Sarbanes-Oxley affects Hawaii nonprofits big time
As CEO of the University of Hawaii Foundation, one of the largest nonprofit organizations in Hawaii, Donna Vuchinich gets to rub shoulders with high-powered venture capitalists, real estate tycoons and other well-to-do donors. However, it's not all about cultivating the rich and famous. In addition to poring over spreadsheets and communicating with her large board of trustees, Vuchinich is helping to oversee the Centennial campaign, the largest fund drive in the foundation's history.
As if Hawaii managers of nonprofits don't have enough on their plates. On top of running their kuleana and dealing with everything from diminished state and federal funding to sorting out personnel squabbles, they now must also comply with Sarbanes-Oxley (or SOX).

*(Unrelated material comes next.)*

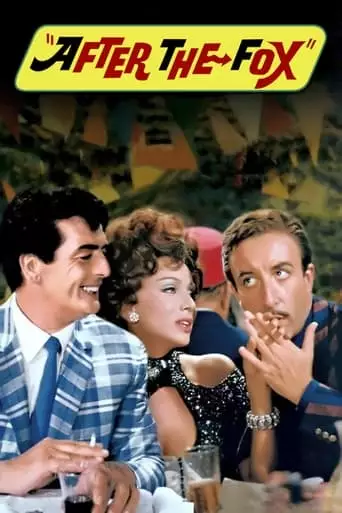 After The Fox (1966)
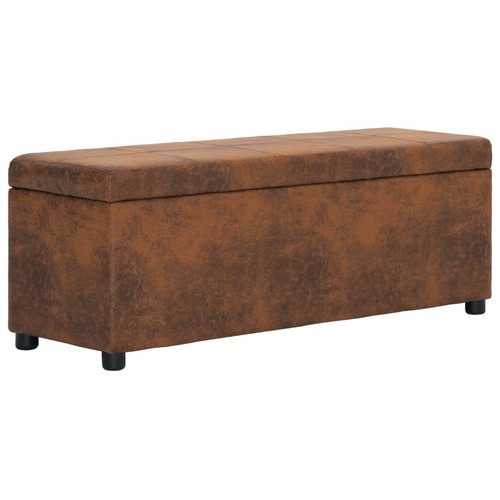 Banc avec compartiment - banc, de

The Sarbanes-Oxley Act was passed on July 30, 2002, in response to the corporate and accounting scandals of Enron, Tyco and others. The purpose of the law is to restore public trust in America's corporate sector. The law requires that publicly traded companies adhere to stricter governance standards that both broaden board members' roles in overseeing financial transactions and auditing procedures.
Although most provisions of Sarbanes-Oxley apply only to public companies, at least two criminal provisions apply to nonprofit organizations: provisions prohibiting retaliation against whistleblowers and prohibiting the destruction, alteration or concealment of certain documents or the impediment of investigations. Despite the law's spotlight on the for-profit sector, Sarbanes-Oxley casts a long shadow over the nonprofit community around the nation and in the Aloha State.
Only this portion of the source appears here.